Editor's note: Ana Sortun is an award-winning chef, author and restauranteur. Considered one of the country’s most “creative fusion practitioners,” she opened her first restaurant, Oleana, in January 2001. 

Sortun got her start in restaurants early, in Seattle, her hometown. By 14, she had a job washing dishes in a Mexican restaurant (Pueblo Indian style, she tells me) — but she was most intrigued by what was happening in the kitchen. The owners of that place, a couple from Albuquerque, New Mexico, indulged her interest; they paid for Sortun to attend cooking classes. By 16, she was running their Sunday brunch. By 19, she was studying at a cooking school in Paris.

Sortun didn’t grow up eating the Middle Eastern flavors she’s known for today. An encounter with a customer at Casablanca (a long-time Harvard Square restaurant), led to a trip to Turkey for the first time — and that experience inspired a love for the region, and a desire to expand people's understanding of Mediterranean food. 
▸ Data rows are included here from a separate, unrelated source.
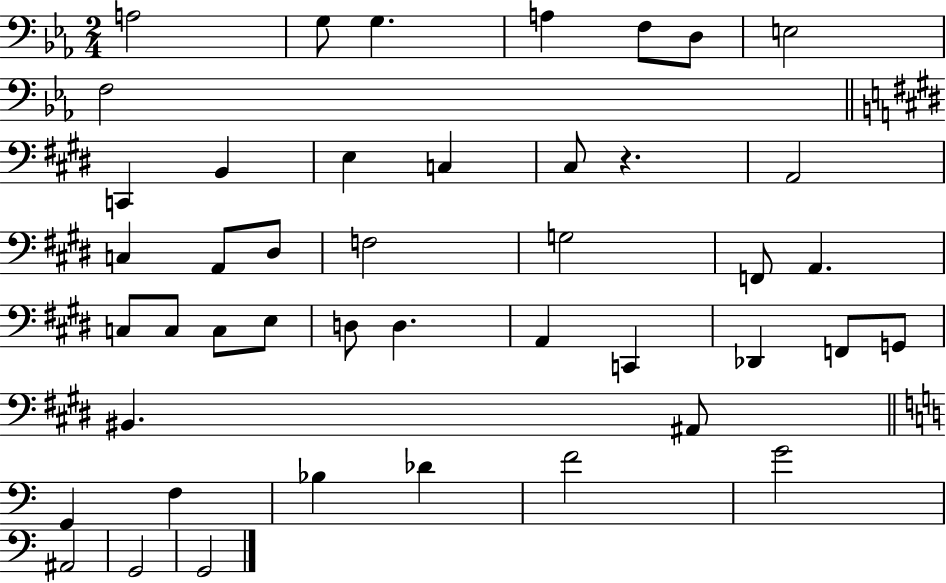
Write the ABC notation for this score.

X:1
T:Untitled
M:2/4
L:1/4
K:Eb
A,2 G,/2 G, A, F,/2 D,/2 E,2 F,2 C,, B,, E, C, ^C,/2 z A,,2 C, A,,/2 ^D,/2 F,2 G,2 F,,/2 A,, C,/2 C,/2 C,/2 E,/2 D,/2 D, A,, C,, _D,, F,,/2 G,,/2 ^B,, ^A,,/2 G,, F, _B, _D F2 G2 ^A,,2 G,,2 G,,2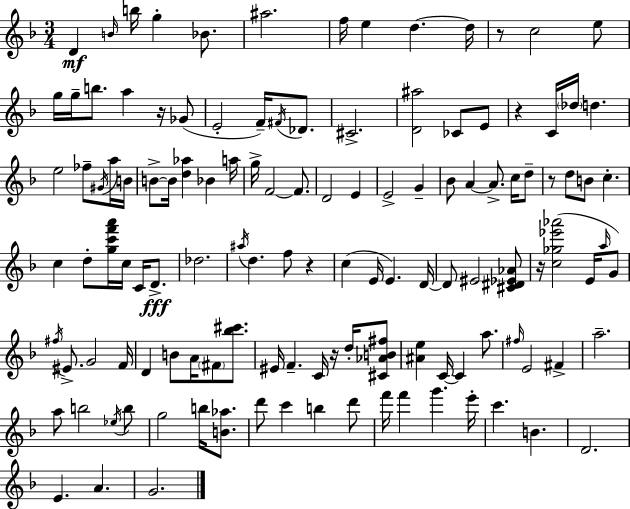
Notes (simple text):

D4/q B4/s B5/s G5/q Bb4/e. A#5/h. F5/s E5/q D5/q. D5/s R/e C5/h E5/e G5/s G5/s B5/e. A5/q R/s Gb4/e E4/h F4/s F#4/s Db4/e. C#4/h. [D4,A#5]/h CES4/e E4/e R/q C4/s Db5/s D5/q. E5/h FES5/e G#4/s A5/s B4/s B4/e B4/s [D5,Ab5]/q Bb4/q A5/s G5/s F4/h F4/e. D4/h E4/q E4/h G4/q Bb4/e A4/q A4/e. C5/s D5/e R/e D5/e B4/e C5/q. C5/q D5/e [G5,C6,F6,A6]/s C5/s C4/s D4/e. Db5/h. A#5/s D5/q. F5/e R/q C5/q E4/s E4/q. D4/s D4/e EIS4/h [C#4,D#4,Eb4,Ab4]/e R/s [C5,Gb5,Eb6,Ab6]/h E4/s A5/s G4/e F#5/s EIS4/e. G4/h F4/s D4/q B4/e A4/s F#4/e [Bb5,C#6]/e. EIS4/s F4/q. C4/s R/s D5/s [C#4,Ab4,B4,F#5]/e [A#4,E5]/q C4/s C4/q A5/e. F#5/s E4/h F#4/q A5/h. A5/e B5/h Eb5/s B5/e G5/h B5/s [B4,Ab5]/e. D6/e C6/q B5/q D6/e F6/s F6/q G6/q. E6/s C6/q. B4/q. D4/h. E4/q. A4/q. G4/h.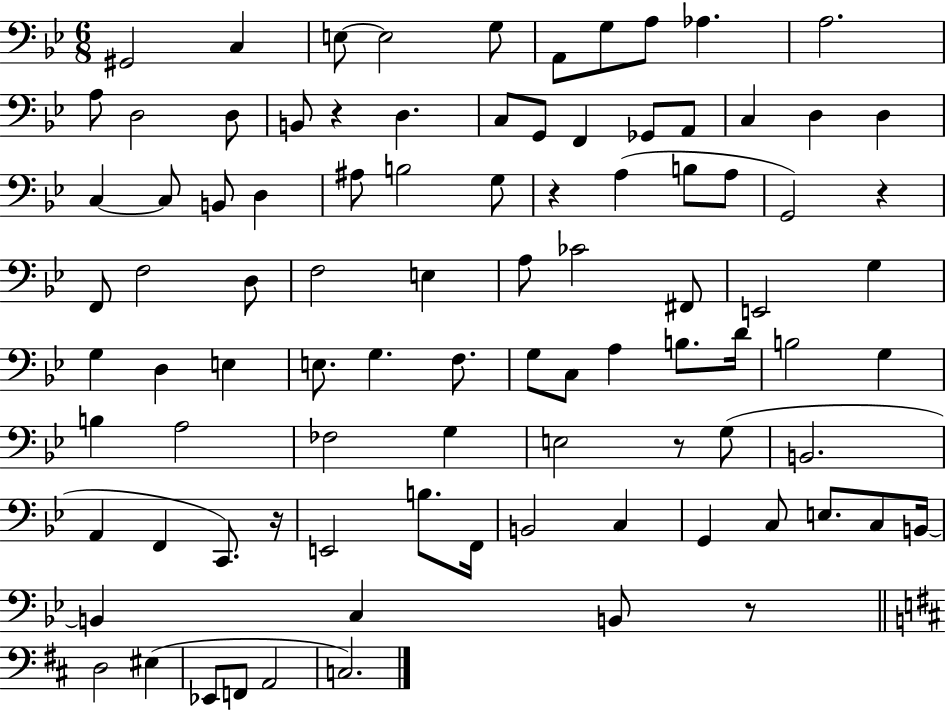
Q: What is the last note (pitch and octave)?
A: C3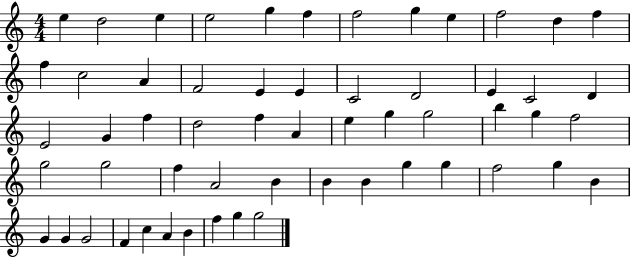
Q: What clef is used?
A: treble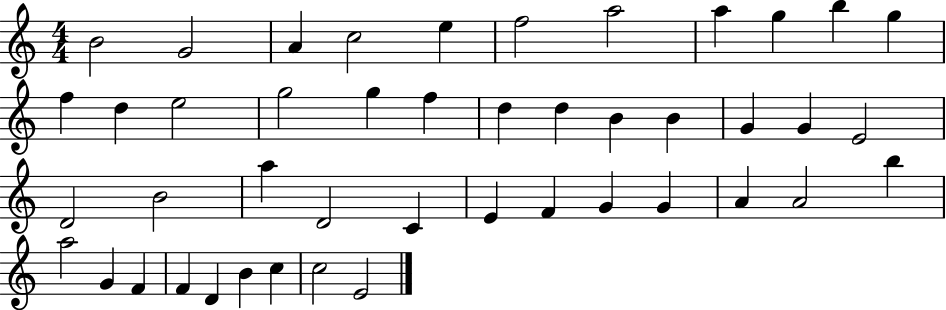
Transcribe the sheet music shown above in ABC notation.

X:1
T:Untitled
M:4/4
L:1/4
K:C
B2 G2 A c2 e f2 a2 a g b g f d e2 g2 g f d d B B G G E2 D2 B2 a D2 C E F G G A A2 b a2 G F F D B c c2 E2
She feels at home in her kitchen, in her restaurants and at Siena Farms, the organic farm in Sudbury, Mass., that’s owned by her husband Chris Kurth, and named for their daughter. “To me, home is about being deeply connected to a sense of place. So, being really connected to land, through food, makes sense in my heart,” she says.
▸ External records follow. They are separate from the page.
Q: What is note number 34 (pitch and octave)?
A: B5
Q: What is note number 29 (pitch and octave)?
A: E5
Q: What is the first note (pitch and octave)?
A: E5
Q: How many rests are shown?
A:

Cog talked with Sortun in advance of her appearance at “This is what makes Boston home,” an event at WBUR’s CitySpace on May 30. This piece, which has been edited for length and clarity, was excerpted from an interview. — Cloe Axelson


I went to a very small cooking school in Paris when I was 19, where I studied classical, strict French cuisine. But in order to do that, I had to be fluent in French. So instead of going to college, I went to a little tiny French school for two and a half years and studied the language until I could pass a fluency test. The cooking school was an intense experience — like 15-hour days, because we were studying and working — but it was a great experience.

Ana Sortun, circa 1995, just a few years after she'd arrived in Boston. (Mike Toth/Courtesy Ana Sortun)
Ana Sortun, circa 1995, just a few years after she'd arrived in Boston. (Mike Toth/Courtesy Ana Sortun)

People ask me: What did you learn in France that you couldn't learn in the United States? For me, it was really this connection to the quality of the ingredients. When you go to the markets, if something doesn't look good, you don't buy it — and you don't use it. Just because a recipe calls for strawberries, doesn't mean you use them.

If the strawberries don’t look good, you learn how to improvise using the stellar ingredients that are available. That really was, I think, the foundation to a lot of things for me.


I love Italian food. I love French food. I love all food! In the central Mediterranean — in the south of France or Spain or Italy — the food is heavier, more focused on meat, less focused on vegetables. But in places like Turkey and Greece, there are entire meals made out of small plates — and mostly vegetable dishes — which I think is an incredible way of eating.

When I went to Turkey for the first time, I tasted food that was so rich with flavor — from spices and from ingredients like olive oil and pomegranate molasses. There were so many vegetables, which was for me, a complete revelation. I had no idea it was even possible to make vegetables taste like that when I first tried them.

On one of those early trips, my host and mentor, a woman named Ayfer, asked 35 of her friends to make a dish that they loved for lunch, something that they thought represented that region of Turkey.

Ana Sortun, far right, with Ayfer Unsal (left) and Chef Musa Dagdeviren (center), two of her teachers and mentors, in Turkey. (Courtesy Ana Sortun)
Ana Sortun, far right, with Ayfer Unsal (left) and Chef Musa Dagdeviren (center), two of her teachers and mentors, in Turkey. (Courtesy Ana Sortun)

At the time, I didn’t know any of the ingredients or the flavors, but I was so excited to be tasting all this food, I could barely sit down — I just kept taking notes. Eventually I realized that even though I’d tasted 35 dishes — all delicious, all incredibly rich in flavor – I still felt really good. I couldn’t believe it. There’s no way you could taste 35 individual French dishes and not be in a coma.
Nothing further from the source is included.